BEGIN

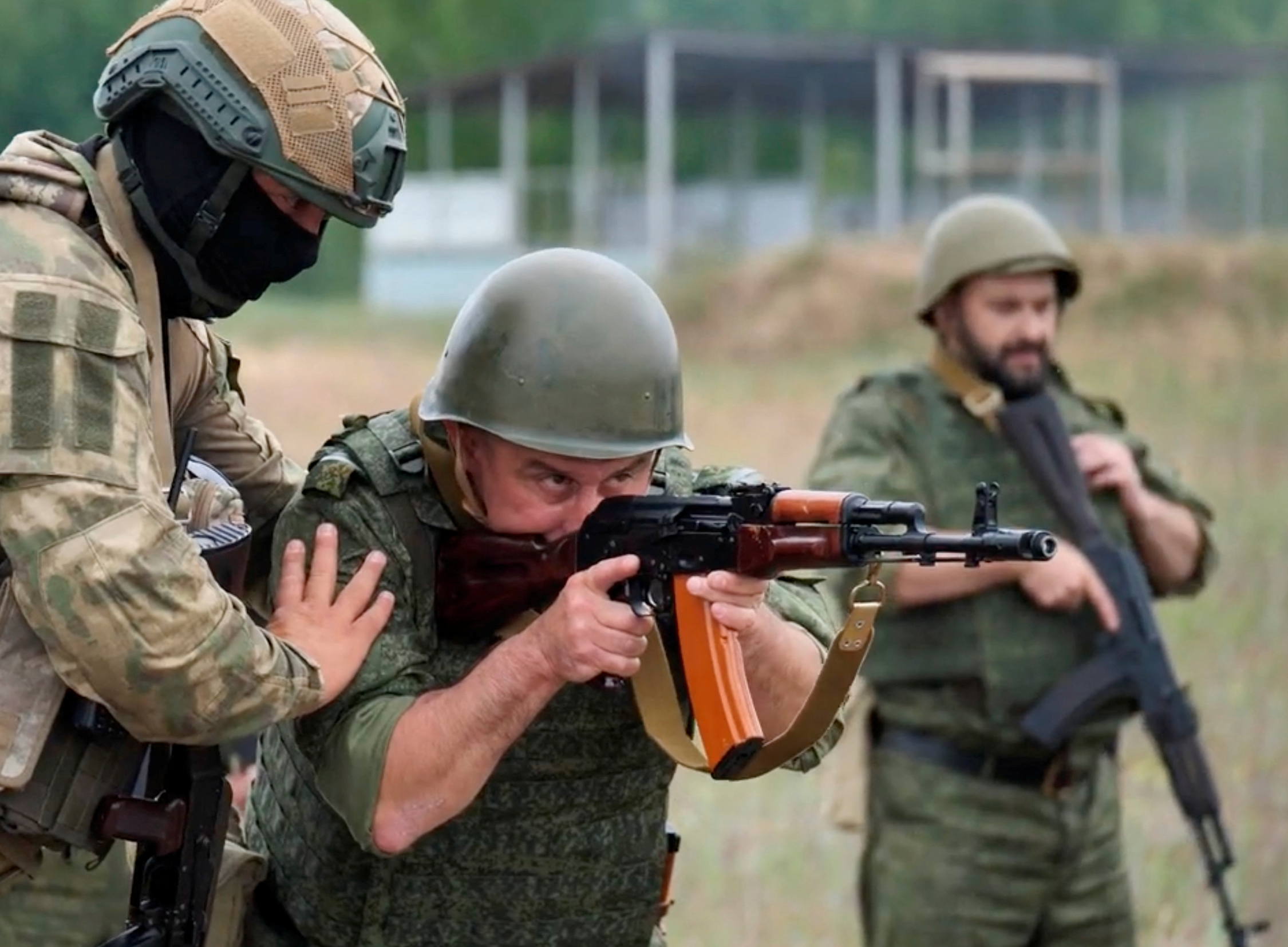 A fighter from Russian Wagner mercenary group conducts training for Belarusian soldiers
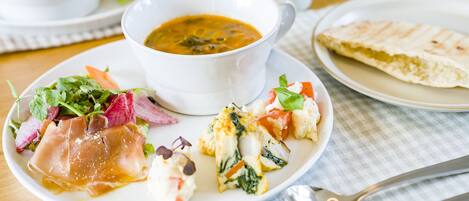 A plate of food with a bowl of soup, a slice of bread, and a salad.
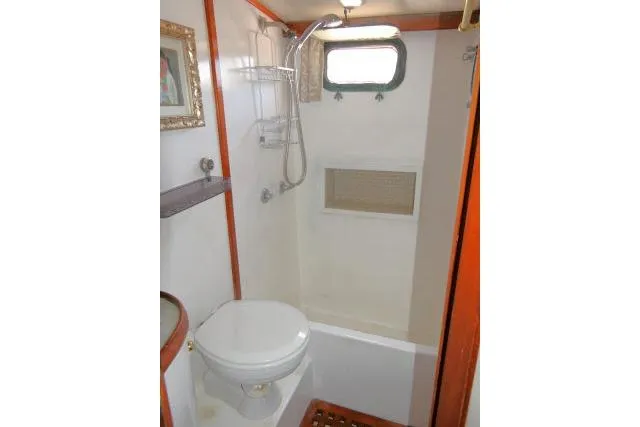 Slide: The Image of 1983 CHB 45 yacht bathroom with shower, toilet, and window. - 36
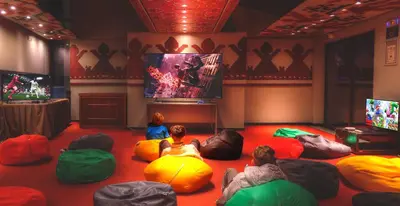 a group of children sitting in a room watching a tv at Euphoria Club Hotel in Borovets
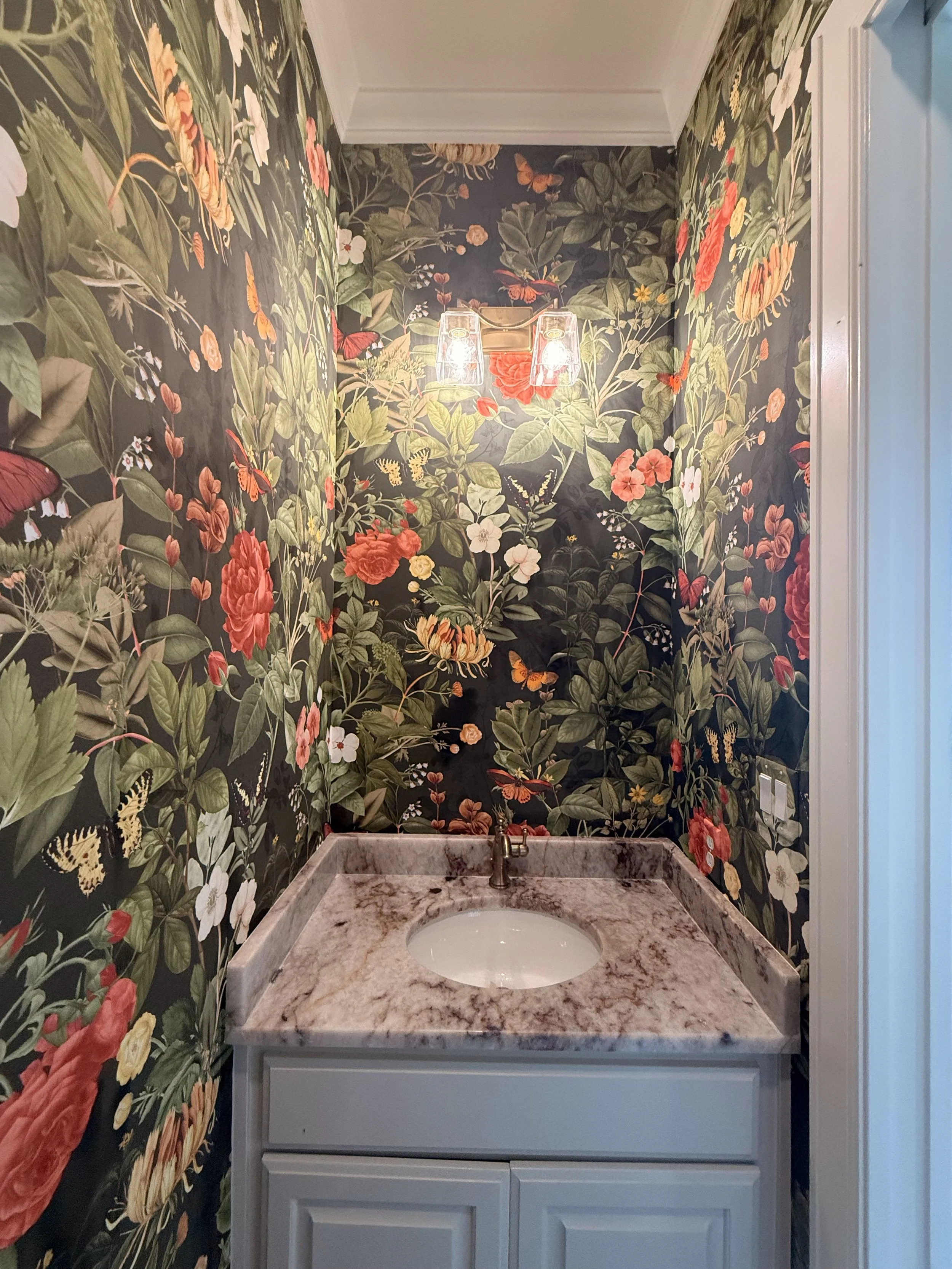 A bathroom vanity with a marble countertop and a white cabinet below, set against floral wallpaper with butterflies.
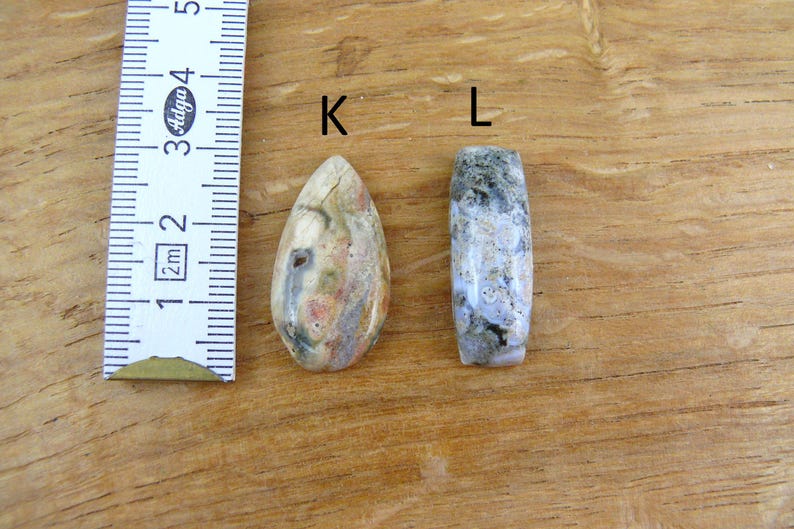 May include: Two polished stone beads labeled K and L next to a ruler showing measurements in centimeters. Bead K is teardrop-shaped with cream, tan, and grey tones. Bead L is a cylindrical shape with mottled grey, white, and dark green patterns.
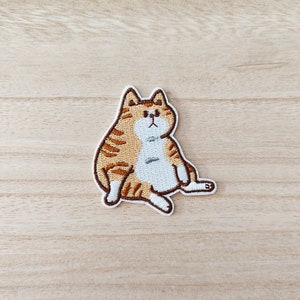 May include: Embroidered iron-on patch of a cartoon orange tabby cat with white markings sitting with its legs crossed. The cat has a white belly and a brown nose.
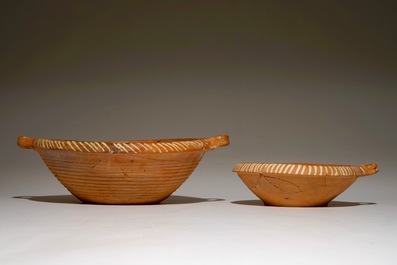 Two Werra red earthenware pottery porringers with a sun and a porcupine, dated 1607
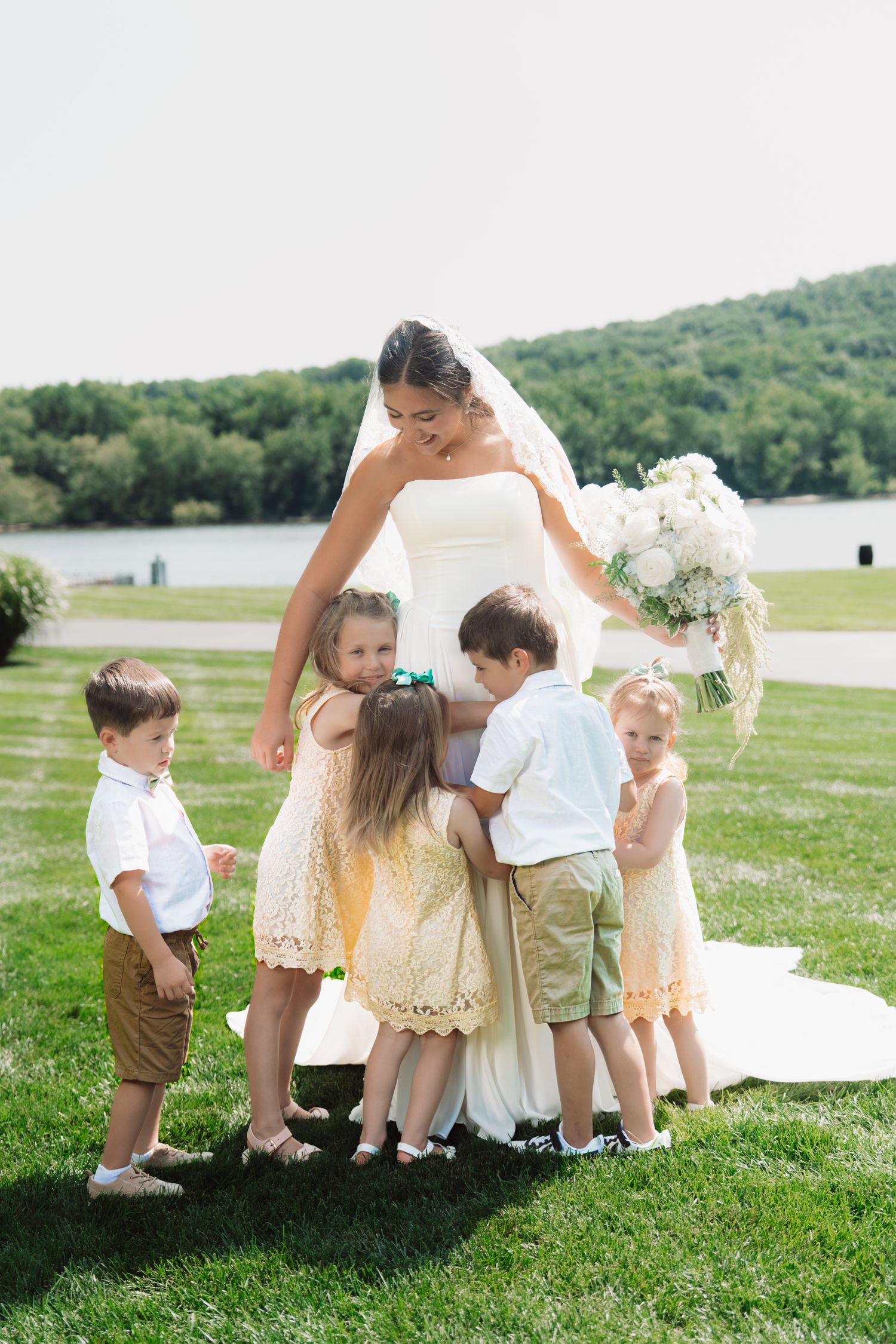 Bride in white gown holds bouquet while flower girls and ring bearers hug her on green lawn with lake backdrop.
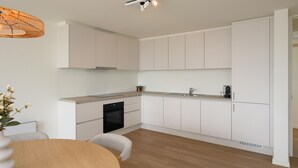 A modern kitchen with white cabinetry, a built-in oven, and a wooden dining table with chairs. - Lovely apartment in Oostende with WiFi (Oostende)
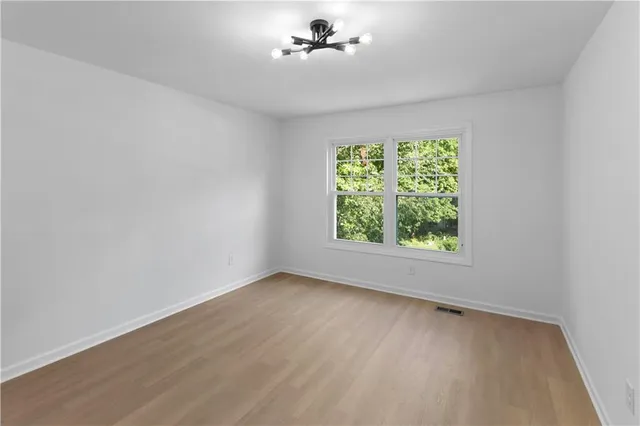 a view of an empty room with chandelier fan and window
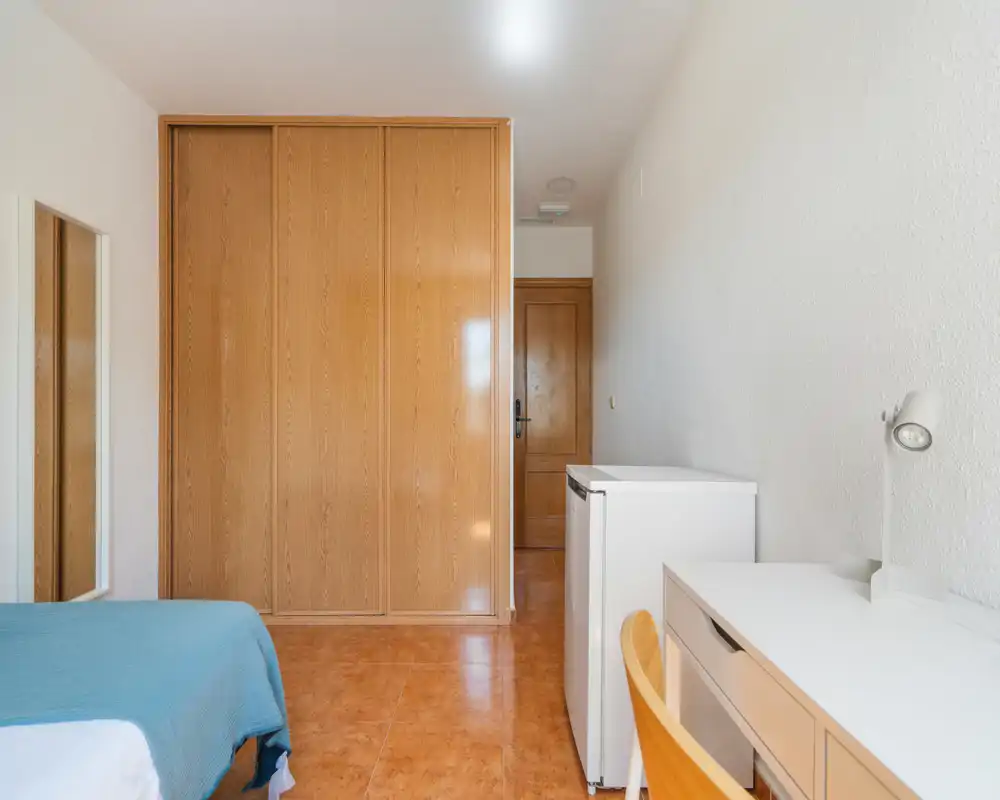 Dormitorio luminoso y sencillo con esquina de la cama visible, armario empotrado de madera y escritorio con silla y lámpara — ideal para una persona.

END

To do.
Return, exactly and without extra lines, everything from the line with "Bride in white" through the last line of the material above, both included. Pictures must be dropped.

Answer below.
 Bride in white gown holds bouquet while flower girls and ring bearers hug her on green lawn with lake backdrop.
 A modern kitchen with white cabinetry, a built-in oven, and a wooden dining table with chairs. - Lovely apartment in Oostende with WiFi (Oostende)
 a view of an empty room with chandelier fan and window
 Dormitorio luminoso y sencillo con esquina de la cama visible, armario empotrado de madera y escritorio con silla y lámpara — ideal para una persona.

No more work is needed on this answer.